Georgians concerned about high gasoline prices, inflation, and high home heating bills this winter need look no further than the United Kingdom or California to see how bad things get when fact-free activist demands become energy policy.
The high prices and systemic failures of energy policy did not happen overnight, and Georgians would do well to heed the lessons unfolding before them in real time.
Californians are paying some of the highest electricity rates in the country, yet can barely keep the lights on. This is the direct result of misguided activism – the shuttering of natural gas-fired generation plants and the state’s remaining nuclear plant – being turned into actual policy.
Meanwhile, British consumers are facing long gasoline lines to get what little is available, and a natural gas shortage caused by poor public policy is sending prices soaring, so the UK winter is expected to be long, cold, dark, and potentially dangerous. All this is directly caused by to a too-rapid wholesale shift away from reliable, affordable power sources to less predictable ones, without fully thought-out planning.

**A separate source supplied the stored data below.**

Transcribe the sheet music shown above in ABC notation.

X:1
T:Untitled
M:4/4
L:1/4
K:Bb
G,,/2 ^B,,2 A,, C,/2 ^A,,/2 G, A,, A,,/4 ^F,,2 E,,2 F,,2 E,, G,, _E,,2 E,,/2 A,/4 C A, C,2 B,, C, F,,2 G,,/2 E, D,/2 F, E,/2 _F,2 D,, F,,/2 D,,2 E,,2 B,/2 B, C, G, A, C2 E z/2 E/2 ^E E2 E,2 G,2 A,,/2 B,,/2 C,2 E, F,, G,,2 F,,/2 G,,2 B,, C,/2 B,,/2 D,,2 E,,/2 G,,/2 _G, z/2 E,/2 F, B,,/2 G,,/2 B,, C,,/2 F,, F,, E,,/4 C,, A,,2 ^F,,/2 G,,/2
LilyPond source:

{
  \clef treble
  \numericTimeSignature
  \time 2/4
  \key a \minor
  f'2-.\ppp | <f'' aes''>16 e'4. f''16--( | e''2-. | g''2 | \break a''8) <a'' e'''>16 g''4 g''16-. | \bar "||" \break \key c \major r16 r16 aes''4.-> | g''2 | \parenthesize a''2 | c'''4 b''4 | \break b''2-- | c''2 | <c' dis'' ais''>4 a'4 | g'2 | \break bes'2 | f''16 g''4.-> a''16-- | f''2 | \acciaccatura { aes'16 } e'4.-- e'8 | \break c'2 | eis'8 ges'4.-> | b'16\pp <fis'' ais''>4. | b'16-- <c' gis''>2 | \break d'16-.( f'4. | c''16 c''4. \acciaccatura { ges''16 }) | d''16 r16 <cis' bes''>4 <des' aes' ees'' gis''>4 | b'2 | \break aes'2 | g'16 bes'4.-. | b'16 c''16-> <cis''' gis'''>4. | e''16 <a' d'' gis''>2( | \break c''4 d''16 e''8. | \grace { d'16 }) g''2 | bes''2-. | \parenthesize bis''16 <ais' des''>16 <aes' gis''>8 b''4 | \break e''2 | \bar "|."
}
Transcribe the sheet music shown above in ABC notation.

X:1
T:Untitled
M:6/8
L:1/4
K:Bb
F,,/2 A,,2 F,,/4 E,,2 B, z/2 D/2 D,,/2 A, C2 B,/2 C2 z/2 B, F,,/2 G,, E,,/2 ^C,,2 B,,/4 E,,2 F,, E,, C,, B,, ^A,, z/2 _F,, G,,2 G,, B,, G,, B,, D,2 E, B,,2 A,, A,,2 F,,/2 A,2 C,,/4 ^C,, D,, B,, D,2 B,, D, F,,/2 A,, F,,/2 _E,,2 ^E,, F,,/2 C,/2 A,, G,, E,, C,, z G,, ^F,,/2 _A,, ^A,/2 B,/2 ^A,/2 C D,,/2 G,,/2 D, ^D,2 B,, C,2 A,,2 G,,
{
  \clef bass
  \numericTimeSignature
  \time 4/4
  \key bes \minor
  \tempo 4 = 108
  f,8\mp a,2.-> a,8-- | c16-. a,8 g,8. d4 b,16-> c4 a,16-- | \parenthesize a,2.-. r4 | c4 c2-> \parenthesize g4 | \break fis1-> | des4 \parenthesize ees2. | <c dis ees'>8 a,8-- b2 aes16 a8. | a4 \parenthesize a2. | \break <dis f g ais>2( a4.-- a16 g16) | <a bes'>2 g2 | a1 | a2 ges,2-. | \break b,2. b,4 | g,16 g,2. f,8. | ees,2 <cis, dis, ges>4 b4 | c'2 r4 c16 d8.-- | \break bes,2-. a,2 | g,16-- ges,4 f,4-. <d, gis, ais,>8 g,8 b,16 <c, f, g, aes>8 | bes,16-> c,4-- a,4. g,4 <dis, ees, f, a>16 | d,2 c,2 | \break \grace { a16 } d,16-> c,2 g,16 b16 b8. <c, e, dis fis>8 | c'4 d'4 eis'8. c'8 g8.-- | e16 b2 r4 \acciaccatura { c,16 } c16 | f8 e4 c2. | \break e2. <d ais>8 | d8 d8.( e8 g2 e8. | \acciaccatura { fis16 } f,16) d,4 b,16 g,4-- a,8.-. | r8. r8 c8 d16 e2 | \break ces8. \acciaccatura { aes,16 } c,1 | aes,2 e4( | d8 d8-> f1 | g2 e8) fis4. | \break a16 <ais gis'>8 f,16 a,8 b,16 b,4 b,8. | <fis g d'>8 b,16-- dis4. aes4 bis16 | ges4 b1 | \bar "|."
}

The Californian and British energy crises are what happens when ideology dictates energy policy, instead of the cold, hard realities that working solutions require.
Likewise, high gasoline prices are what happens when the federal government intentionally blocks American energy production, cancels pipelines, and begs OPEC+ nations – never a friend of the U.S. economy – for help.
This policy is driven by zealots who protest against natural gas, pipelines, power stations, and oil and gas production. They have no remedy for the harm that comes to families and businesses if they get their way and don’t care, either. And they refuse to acknowledge that we can achieve our climate goals and use traditional energy thoughtfully – much to the detriment of the public.
All of this is harmful for America’s economic and energy security, and our environment because it increases emissions. U.S. oil and gas is produced under the world’s strongest environmental standards, which Russia and Venezuela do not share. Nor do they share our best interests, not unlike anti-energy activists.
America is energy self-sufficient and has delivered the world’s largest emissions reductions. Georgians should urge their leaders to question any proposal that seeks to restrict energy options without first examining the impact on reliability, affordability and environmental progress.
Let the failures of others like California and the UK light the way to better energy policy.